# Polynomial Commitment Benchmark

$$ \gdef\F{\mathbb{F}} \gdef\G{\mathbb{G}} \gdef\Commit{\mathsf{Commit}} $$

It is hard to compare complete proof systems because they have wildly different designs and implementing a balanced suite of benchmarks that shows what each is capable of is an enormous amount of work.

$$ 🍎 ≟ 🍏 $$

But all proof systems use some form of polynomial commitment. These take a vector $\vec y ∈ \F^n$ representing a polynomial $P(X) ∈ \F[X^{<n}]$ evaluated on some domain (usually typically of unity) and turn it into a small commitment object, a process called $\Commit$. I will ignore the $\mathsf{Setup}$, $\mathsf{Open}$ and $\mathsf{Verify}$ processes as they are amortized over many or large proofs. (Though $\mathsf{Open}$ is a significant factor, and so is witness generation, and lookup, and ...)

## Implementations

I picked the following libraries to benchmark, and for each library I picked what I assume are the highest performing parameters. Assembly code, multithreading and other speed improvements are enabled where optional. I'm ignoring zero-knowledge, proof size and verification cost as all of that can be taken care of with a layer of recursion.

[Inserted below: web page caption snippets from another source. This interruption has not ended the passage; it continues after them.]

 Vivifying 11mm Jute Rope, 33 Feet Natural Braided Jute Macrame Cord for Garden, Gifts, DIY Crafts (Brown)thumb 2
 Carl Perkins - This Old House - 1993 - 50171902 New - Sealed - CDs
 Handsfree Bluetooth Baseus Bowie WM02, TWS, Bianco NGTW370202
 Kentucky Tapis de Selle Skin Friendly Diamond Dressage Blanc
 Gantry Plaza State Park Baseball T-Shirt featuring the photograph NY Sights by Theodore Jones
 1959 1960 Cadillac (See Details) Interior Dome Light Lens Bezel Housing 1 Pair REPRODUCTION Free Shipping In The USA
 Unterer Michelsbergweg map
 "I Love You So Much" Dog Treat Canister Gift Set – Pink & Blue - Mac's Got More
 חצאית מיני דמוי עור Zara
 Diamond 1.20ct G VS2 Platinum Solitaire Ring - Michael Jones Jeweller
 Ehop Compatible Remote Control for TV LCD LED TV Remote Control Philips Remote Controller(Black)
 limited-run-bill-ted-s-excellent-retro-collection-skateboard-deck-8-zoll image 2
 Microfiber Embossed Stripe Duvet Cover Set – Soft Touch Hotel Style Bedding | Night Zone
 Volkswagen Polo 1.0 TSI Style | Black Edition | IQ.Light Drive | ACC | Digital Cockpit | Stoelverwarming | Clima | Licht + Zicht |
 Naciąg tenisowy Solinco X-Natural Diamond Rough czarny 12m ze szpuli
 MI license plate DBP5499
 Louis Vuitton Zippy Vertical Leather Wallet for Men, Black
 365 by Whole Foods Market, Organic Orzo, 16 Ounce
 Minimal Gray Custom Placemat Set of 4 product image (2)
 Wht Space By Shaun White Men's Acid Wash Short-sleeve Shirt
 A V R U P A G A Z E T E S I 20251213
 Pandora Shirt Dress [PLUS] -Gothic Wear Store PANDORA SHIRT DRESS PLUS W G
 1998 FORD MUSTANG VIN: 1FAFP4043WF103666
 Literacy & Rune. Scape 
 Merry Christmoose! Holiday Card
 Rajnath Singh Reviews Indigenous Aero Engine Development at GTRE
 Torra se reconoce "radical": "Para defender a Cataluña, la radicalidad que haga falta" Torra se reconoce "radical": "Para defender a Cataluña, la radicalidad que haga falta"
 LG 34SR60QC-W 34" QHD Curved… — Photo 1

Not a ZKP framework, but can be used to implement KZG.`blst`

A comprehensive Groth16 and Plonk framework from Consensys.`gnark`

ZCash's Plonk framework using inner product arguments (IPA).`halo2`

Halo2 fork with KZG support from the Ethereum Foundation and Scroll.`pse`

Goldilocks-FRI Plonk with efficient recursion from Polygon Zero.`plonky2`

The Arkworks comprehensive library for ZKP development.`ark`

Facebook Winterfell as used by Polygon Miden.`winter`

A tiny field FRI for a RiscZero's RISC-V zkVM.`risc0`

$$ \begin{array}{lccccc} & \text{Algo} & \F & \ceil{\log_2{\vert \F \vert}} &\text{Hash} & R^{-1} & \text{Add} \\[0.7em] \texttt{blst} & \text{KZG} & \text{BLS12-384}\ \G_1 & 255 & & & ✓ \\[0.4em] \texttt{gnark} & \text{KZG} & \text{BN254}\ \G_1 & 254 & & & ✓ \\[0.4em] \texttt{halo2} & \text{IPA} & \text{Pallas} & 255 & & & ✓ \\[0.4em] \texttt{pse} & \text{KZG} & \text{BN254}\ \G_1 & 254 & & & ✓ \\[0.4em] \texttt{ark} & \text{KZG} & \text{BN254}\ \G_1 & 254 & & & ✓ \\[0.4em] \texttt{plonky2} & \text{FRI} & \text{Goldilocks} & 64 & \text{Keccak} & 2 & \\[0.4em] \texttt{winter} & \text{FRI} & \text{f62} & 62 & \text{Blake3} & 2 & \\[0.4em] \texttt{risc0} & \text{FRI} & \text{Fp} & 32 & \text{Sha256} & 4 & \\[0.4em] \end{array} $$

In the table if $\F$ is an elliptic curve, then its scalar field is implied. A check under $\text{Add}$ means the commitments support additive homomorphism, this means that given $\Commit(P)$ and $\Commit(Q)$ we can compute $\Commit(a⋅P + b⋅Q)$. For FRI implementations the rate $R^{-1}$ is set to the lowest supported, trading off proof size for better prover time.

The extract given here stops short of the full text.